Review of Simply Tuesday

In A Million Little Ways, Emily P. Freeman encourages the reader not to fear if someone has the same message because you have a different way to say it. That way of saying it might be just the right way from some recipient, who would not otherwise be heard or been penetrated by the core message. Freeman’s book, Simply Tuesday, does just this with St. Therese of Lisieux doctrine of the Little Way. Does Freeman know about St. Therese or the little way? I do not know, and it does not matter. The message is beautifully put in her lovely writing style which takes a scene or a moment or an object from her personal life and holding that image in mind, she reflects on its meaning and its application to our life.

Not only is Freeman’s prose impeccable, it is filled with a gentle rhythm that makes her work a proper meditation on maintaining peace in a chaotic life, and quieting ambition in our typically hectic work. She allows her words and images to build organically. Her tactic of returning to images from previous chapters as she includes new ones connects each of the concepts of the book, going ever deeper in reflection.

Rev. Francois Jamart, O.C.D., summarizes the little way as this:

  1. We must fully recognize our spiritual poverty, our incapacity, and accept this condition.
  2. We must have recourse to God with blind and filial confidence, in order that He may accomplish in us what we cannot do by our own powers; for God is our Father; he is Love infinitely merciful.
  3. We must believe in Love and apply ourselves to the practice of love.

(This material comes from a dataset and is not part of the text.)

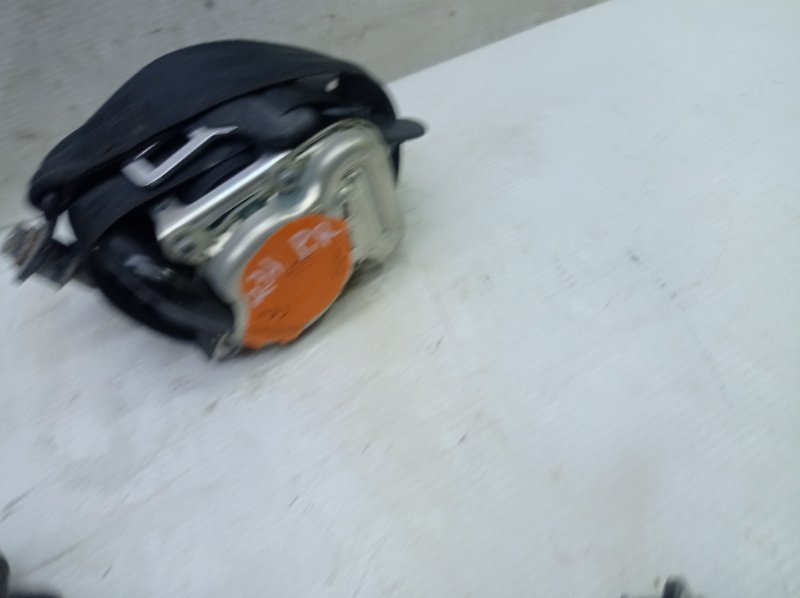 Ремень безопасности Lada Vesta 2020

Spiritual poverty, described as smallness by Freeman is considered at length between the smallness of humiliation and the smallness of wonder. She invites the reader to embrace the smallness of wonder and the ordinary moments of our lives, which she encapsulated in the concept of Tuesday.

There is a bit of the lady bug philosophy, that when we learn to sit still is when ladybugs will come to us, that grace will come to us. God has called us to these moments, so let us sit and reflect and calm the rush of daily life.

In the third point of the little way, the practice of love, Therese emphasizes the importance of practicing love in the mundane tasks (because in our spiritual poverty or smallness, this is all we can do). You will find the same message throughout in Freeman’s work.

Does this cheapen Freeman’s reflections as something copied? Most definitely not. The message may be the same but the telling is wholly original. Therese wrote her little way as pieces of her autobiography and as a response to the direct request to write out this belief and practice. In that, it is not more ornate or poetically written than came natural to Therese to explain her ideas.

Freeman’s book is a verbal painting of the little way. This little way is at the heart of scriptures, wholly original and wholly tradition, and Freeman, by engaging the scriptures, with the help of others in her life, describes herself as being on this path.

This is the second book by this author that I have made my daily companion, an event of each day when I stop what I am doing and meditate on the chapter where a business card marks.

Reading her work, I have become more reflective and more appreciative of the small moments. It has helps me to act more intentionally and to move a little but further on the path of regaining peace and balance in my life. I heartily recommend Simply Tuesday by Emily P. Freeman.